Böylece bir *mürşid-i kâmil* görmiyen, dînini tam öğrenmiyen gençlerin îmânını çalarlar kardeşim. Bilmiyorlar çünkü. Doğrusunu bilseler, aldanmazlar.
Meselâ sarıklı sakallı, *hoca* şeklindeki bir sanatçının yapdığı harekete, bir *kahkaha* atsa, mâzallah *Küfr’e* girer, îmânını kaybeder.
Çünkü dînen *kutsal* olan şeylere saygısızlık, *Küfr’e* sebep olur. Onun için böylelerini seyretmek uygun değil kardeşim.

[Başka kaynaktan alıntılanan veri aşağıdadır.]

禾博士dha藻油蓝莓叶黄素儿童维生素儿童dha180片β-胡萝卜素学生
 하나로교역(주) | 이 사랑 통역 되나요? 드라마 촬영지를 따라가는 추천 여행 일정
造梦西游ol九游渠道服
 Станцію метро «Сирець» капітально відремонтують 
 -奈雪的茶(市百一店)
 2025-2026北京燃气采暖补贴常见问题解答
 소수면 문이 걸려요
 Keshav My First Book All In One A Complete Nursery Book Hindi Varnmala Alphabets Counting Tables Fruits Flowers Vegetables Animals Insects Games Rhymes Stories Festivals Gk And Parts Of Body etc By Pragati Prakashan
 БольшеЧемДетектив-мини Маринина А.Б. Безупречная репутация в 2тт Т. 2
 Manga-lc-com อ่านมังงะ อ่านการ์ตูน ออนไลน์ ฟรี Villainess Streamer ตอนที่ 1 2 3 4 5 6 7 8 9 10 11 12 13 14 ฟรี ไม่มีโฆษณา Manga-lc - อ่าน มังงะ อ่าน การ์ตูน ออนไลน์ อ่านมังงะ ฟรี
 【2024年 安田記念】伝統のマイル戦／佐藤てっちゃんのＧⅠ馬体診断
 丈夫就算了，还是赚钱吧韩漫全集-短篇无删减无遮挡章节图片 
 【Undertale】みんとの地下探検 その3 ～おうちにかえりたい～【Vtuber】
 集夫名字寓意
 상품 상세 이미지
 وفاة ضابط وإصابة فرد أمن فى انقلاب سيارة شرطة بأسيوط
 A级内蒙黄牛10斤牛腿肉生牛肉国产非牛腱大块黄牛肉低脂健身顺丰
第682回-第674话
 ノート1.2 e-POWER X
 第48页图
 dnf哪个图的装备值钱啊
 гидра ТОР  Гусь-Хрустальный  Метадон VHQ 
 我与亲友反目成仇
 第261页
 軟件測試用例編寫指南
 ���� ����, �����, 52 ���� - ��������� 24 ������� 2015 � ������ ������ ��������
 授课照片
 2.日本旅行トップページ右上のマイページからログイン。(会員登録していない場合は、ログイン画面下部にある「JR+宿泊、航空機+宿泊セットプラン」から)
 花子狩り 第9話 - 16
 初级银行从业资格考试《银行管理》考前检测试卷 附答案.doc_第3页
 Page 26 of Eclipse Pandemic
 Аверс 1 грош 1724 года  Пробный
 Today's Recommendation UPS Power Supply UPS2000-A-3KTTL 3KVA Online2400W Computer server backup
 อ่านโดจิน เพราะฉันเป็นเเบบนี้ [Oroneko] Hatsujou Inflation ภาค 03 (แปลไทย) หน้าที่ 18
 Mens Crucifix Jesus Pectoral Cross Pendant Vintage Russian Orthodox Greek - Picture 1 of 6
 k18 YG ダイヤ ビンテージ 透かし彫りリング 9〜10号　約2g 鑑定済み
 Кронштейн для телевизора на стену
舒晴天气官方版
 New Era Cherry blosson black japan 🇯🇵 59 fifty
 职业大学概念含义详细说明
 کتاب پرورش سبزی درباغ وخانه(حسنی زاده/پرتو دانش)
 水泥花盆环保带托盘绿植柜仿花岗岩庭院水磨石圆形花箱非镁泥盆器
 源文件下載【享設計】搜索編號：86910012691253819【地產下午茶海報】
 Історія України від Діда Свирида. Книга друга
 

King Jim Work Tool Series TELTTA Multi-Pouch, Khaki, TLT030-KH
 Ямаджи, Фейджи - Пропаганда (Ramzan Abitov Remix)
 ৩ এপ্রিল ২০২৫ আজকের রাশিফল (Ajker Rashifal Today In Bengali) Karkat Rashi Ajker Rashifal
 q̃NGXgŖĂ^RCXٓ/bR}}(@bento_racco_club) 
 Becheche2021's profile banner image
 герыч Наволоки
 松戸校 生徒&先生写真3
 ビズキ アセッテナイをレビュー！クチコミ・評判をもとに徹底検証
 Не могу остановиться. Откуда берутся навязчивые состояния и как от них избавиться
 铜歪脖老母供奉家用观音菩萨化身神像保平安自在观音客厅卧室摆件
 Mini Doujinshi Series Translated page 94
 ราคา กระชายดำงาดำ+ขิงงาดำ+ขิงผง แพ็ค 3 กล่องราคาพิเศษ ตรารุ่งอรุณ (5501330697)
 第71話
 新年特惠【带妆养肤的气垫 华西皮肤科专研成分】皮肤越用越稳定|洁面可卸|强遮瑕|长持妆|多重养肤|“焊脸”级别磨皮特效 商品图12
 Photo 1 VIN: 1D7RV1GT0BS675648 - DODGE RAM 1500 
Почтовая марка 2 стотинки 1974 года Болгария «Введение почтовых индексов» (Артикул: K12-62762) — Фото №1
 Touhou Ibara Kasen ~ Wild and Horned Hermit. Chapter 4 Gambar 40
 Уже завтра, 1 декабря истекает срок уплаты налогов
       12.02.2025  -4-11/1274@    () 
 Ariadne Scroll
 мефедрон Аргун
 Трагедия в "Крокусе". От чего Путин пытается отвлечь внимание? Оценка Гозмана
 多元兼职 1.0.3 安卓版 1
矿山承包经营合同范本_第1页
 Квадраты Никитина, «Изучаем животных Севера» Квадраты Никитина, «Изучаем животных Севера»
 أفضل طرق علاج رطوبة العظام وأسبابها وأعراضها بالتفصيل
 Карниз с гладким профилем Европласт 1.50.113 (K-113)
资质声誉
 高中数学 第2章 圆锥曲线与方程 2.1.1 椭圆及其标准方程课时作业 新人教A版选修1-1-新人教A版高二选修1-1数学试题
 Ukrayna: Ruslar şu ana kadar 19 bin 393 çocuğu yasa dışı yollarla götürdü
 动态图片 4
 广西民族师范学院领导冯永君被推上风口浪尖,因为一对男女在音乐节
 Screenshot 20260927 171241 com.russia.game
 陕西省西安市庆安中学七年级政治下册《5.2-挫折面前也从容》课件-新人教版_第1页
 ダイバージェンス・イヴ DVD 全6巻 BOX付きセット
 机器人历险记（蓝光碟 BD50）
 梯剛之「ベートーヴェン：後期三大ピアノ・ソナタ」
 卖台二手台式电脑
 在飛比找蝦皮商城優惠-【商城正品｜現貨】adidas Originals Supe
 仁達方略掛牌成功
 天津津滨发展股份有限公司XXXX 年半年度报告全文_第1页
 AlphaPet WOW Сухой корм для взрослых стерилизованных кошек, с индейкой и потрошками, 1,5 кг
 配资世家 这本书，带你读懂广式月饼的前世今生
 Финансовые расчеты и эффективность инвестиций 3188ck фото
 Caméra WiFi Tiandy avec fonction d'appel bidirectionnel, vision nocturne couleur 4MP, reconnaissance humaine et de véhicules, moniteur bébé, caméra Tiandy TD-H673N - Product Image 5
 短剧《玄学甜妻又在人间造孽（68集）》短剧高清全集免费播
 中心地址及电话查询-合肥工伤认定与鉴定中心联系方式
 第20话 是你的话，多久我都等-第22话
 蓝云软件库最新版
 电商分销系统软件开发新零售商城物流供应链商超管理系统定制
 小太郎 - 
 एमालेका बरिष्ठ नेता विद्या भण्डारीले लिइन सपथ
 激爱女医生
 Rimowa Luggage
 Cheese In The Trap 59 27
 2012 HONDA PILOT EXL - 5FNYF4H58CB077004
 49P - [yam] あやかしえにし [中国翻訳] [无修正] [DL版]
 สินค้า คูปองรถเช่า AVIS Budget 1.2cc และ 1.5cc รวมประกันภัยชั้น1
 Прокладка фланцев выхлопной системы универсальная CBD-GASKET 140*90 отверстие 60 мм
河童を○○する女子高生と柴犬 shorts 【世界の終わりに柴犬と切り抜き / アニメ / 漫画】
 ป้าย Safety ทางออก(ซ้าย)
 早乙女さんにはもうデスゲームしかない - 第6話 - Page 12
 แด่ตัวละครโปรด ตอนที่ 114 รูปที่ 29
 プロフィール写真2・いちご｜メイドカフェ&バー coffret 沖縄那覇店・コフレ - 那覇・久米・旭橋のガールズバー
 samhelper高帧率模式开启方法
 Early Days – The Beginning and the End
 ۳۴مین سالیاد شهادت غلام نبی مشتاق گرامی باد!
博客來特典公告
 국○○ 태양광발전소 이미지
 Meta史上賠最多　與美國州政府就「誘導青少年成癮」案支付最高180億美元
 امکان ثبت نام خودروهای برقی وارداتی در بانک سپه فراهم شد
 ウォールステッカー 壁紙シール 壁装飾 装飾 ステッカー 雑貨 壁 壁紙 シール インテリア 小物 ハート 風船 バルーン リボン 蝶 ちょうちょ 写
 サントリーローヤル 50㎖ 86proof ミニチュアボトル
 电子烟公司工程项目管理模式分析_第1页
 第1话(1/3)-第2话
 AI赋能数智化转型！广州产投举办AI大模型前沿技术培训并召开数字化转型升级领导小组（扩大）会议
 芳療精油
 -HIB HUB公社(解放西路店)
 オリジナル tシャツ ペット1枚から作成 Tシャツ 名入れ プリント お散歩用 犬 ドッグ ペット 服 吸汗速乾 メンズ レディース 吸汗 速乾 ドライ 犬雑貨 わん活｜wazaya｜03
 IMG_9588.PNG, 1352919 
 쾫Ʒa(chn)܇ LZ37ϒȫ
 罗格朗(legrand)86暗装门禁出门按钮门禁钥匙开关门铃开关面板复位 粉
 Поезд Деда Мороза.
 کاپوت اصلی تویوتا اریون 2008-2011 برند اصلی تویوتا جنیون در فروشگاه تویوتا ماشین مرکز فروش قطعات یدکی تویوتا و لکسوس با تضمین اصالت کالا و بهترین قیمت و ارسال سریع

Bu gün de bitdi. Bugün akşama kadar, kim bilir, kaç bin nefesimizi mevcutdan harcadık. Çünkü cenâb-ı Hak, insanları yaratmadan evvel, *iki* şeyi ezelde takdîr etdi, yazdı.
Bir tânesi *Rızk*’ımız, ikincisi *Nefes*’lerimiz. Bunlar sayılı, belli. Ezelde takdîr edilmiş. Hattâ her rızkın üzerinde, kime âitse, onun *İsmi* yazılı efendim.
Hiç kimse, kimsenin rızkını yiyemez. Ve hiç kimse, rızkını bitirmeden ölmez. Cenâb-ı Hakkın takdîri böyle. Allahü teâlânın işlerinde karışıklık olmaz. İnsanların işi karışıkdır.
*Elâ bi zikrillahi tatmeinnül kulûb*, sadakallahül azîm. Yâni kalblerin ferahlaması, sıkıntının giderilmesi, ancak *cenâb-ı Hakkı* hâtırlamakla mümkündür.
Eğer hâtırlıyamıyorsan, hâtırlıyan biriyle berâber ol, aynı şey. Yâhut da o zâtın *Kitâb*’ını oku, hâtırlatır sana. *Kabri*’ne git, *Rûhu*’na oku, hâtırlatır sana.
Namaz kıl, Kur’ân-ı kerîm oku, hâtırlarsın. Çünkü *Zikr* kelimesi, hatırlamak demekdir kardeşim. Düşünün ki, Allahü teâlânın *İlmi* sonsuz, *Kudreti* de sonsuz.